While writing the report of the Expedition, Gunnison also wrote and published a small book (The Mormons or Latter-Day Saints) describing this religious movement. Gunnison wrote that the Mormons were excessively zealous for their own sense of divine mission, which they said was to restore the "true" form and content of Christianity and to reform the world in preparation for the Second Coming of Jesus Christ. He believed that their vigorous actions to fulfill this mission were the chief cause of the persecutions they had suffered in Missouri and Illinois. To escape further conflict and secure greater freedom in the practice of their religion, they had left the United States and set up their own "Zion of the Latter Days." Gunnison believed that persecution had strengthened the Mormon unity and obscured the internal weakness of the movement. They would not provoke further persecution if left alone in their isolated location. Soon their own excesses would produce internal divisions and more temperate beliefs and practices. Given time and freedom, these internal forces would modify their religion toward the mainstream of American values.
In 1851, while Gunnison was writing his book, a controversy arose between Governor Brigham Young and the other Federal officers appointed by President Fillmore to govern Utah Territory. Alleged in fear for their lives and claiming Mormon disloyalty and disrespect for the government, these "runaway" officials left the Territory. Gunnison was in Washington at this time. He discounted the significance of the controversy and advised the President and other government officials to allow the Mormons to govern themselves with persons of their own choosing. He compared their demand for self-government to that of the American colonies who rebelled against taxation without representation. He felt that the best policy was to "let them severely alone," the same policy the Mormons had adopted toward the appoint federal officers they had rejected.

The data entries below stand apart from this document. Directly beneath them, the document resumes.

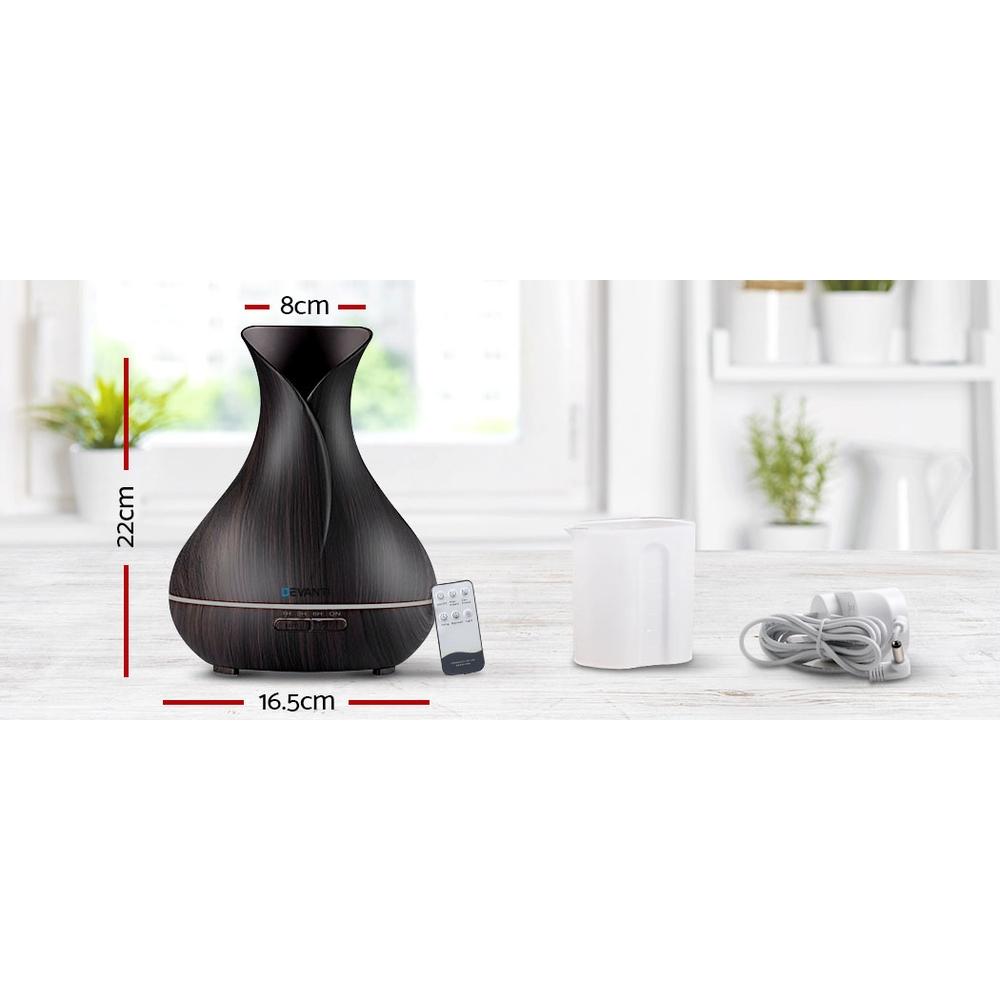 Ozdingo Devanti aroma diffuser with dark wood finish, 400ml capacity, for aromatherapy and home scenting.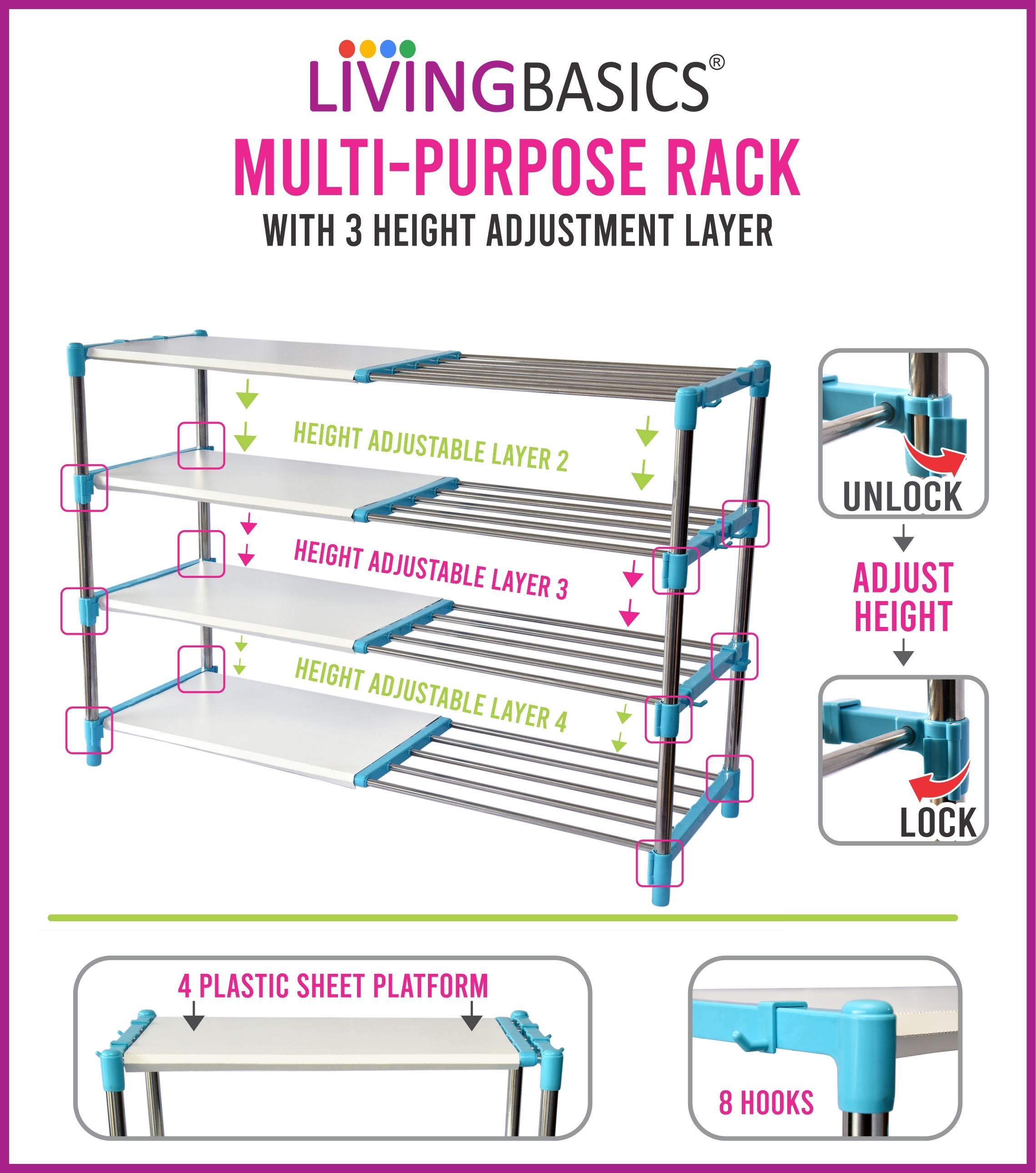 Portable Shoes Rack - Stainless Steel, 50x30x65 Cm, Cyan Blue | Durable, Uv Resistant, Water Resistant, Rust-free, 4-layer Design, No Assembly Required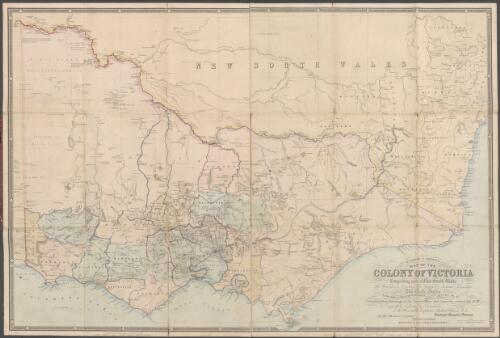 Tulloch & Brown's map of the Colony of Victoria [cartographic material] : comprising part of New South Wales, the boundaries, counties, also seaport & inland townships, the gold fields with the latest discoveries, roads, tracks, &c. &c. / compiled from drawings in the Survey Office and correctly revised till 1857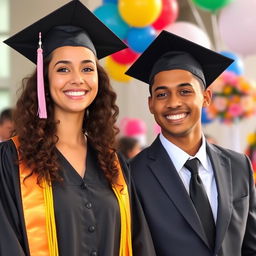 A beautiful young woman with curly hair wearing a graduation cap and gown, showcasing her bright smile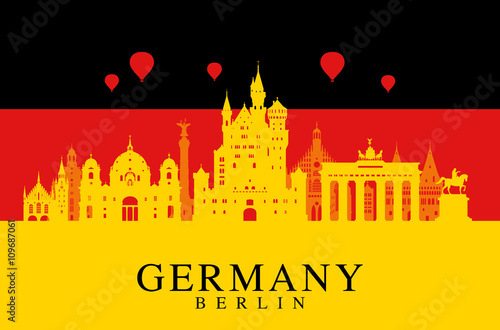 Germany flag, Berlin travel landmark.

In 1853, Captain Gunnison was appointed to lead a survey expedition exploring a route for a railroad to the Pacific Ocean. While in St. Louis, he became aware of Mormon hostility toward his self-assumed role as a "chronicler" of their movement. Recognizing the need for a Mormon associate in the earlier survey, he asked Albert Carrington to begin survey operations between Salt Lake City and Fort Bridget and to provide guides and supplies for him upon his arrival in Utah Territory. He expressed surprise and concern that the Mormons were "down upon him" as an author.
At this same time, Mormon expansions of their settlements provoked conflict with the Utah Indians. The Mormons made preparations to defend themselves from this danger by cutting off all aid and trade with the Indians and by fortifying and "walling in" all of their towns and villages. This action, they believed, would also provide safety from thieves, from hostile emigrants and from military invasion, which they were taught to expect from the American nation and from other nations of the world who would oppose the establishment of the Kingdom of God on earth.
The Mormon conflict with the Indians became most violent just as the Gunnison Expedition entered Utah Territory. Gunnison became aware of possible Indian danger to his own Expedition as he came to the village of Manti, on October 19, 1853. Despite the lack of communication from Governor Young or from Albert Carrington, Gunnison hired Mormon guides to help complete the survey. On the advice of these guides, he changed his earlier plan to follow the course of the Sevier lake. Instead, he followed the California Trail to Fillmore, intending to approach Sevier lake across Pahvant Valley.
While at Fillmore, Gunnison was told by village President Anson Call that local Indian conditions were also dangerous. One of several nearby bands of Pahvantes, led by Chief Kanosh, had recently had a tragic encounter with a party of emigrants bound for California. A band Chief had been killed. Sons of the slain leader demanded vengeance.
It is not certain Gunnison was told that the Indians asked for Mormon help or that when their own efforts at vengeance failed, the band threatened to attack Fillmore. When Brigham Young was informed of this danger, he sent his special Indian agent, Dimick Huntington, to Fillmore to appease the Indians. Captain Gunnison talked to Huntington, whom he knew from his earlier experience in Utah. He was assured that the problem had been solved. Peace had been guaranteed for the future in talks Huntington had held with Chief Kanosh and members of this band. This knowledge gave Gunnison "an unusual felling of security," about this particular band of Indians.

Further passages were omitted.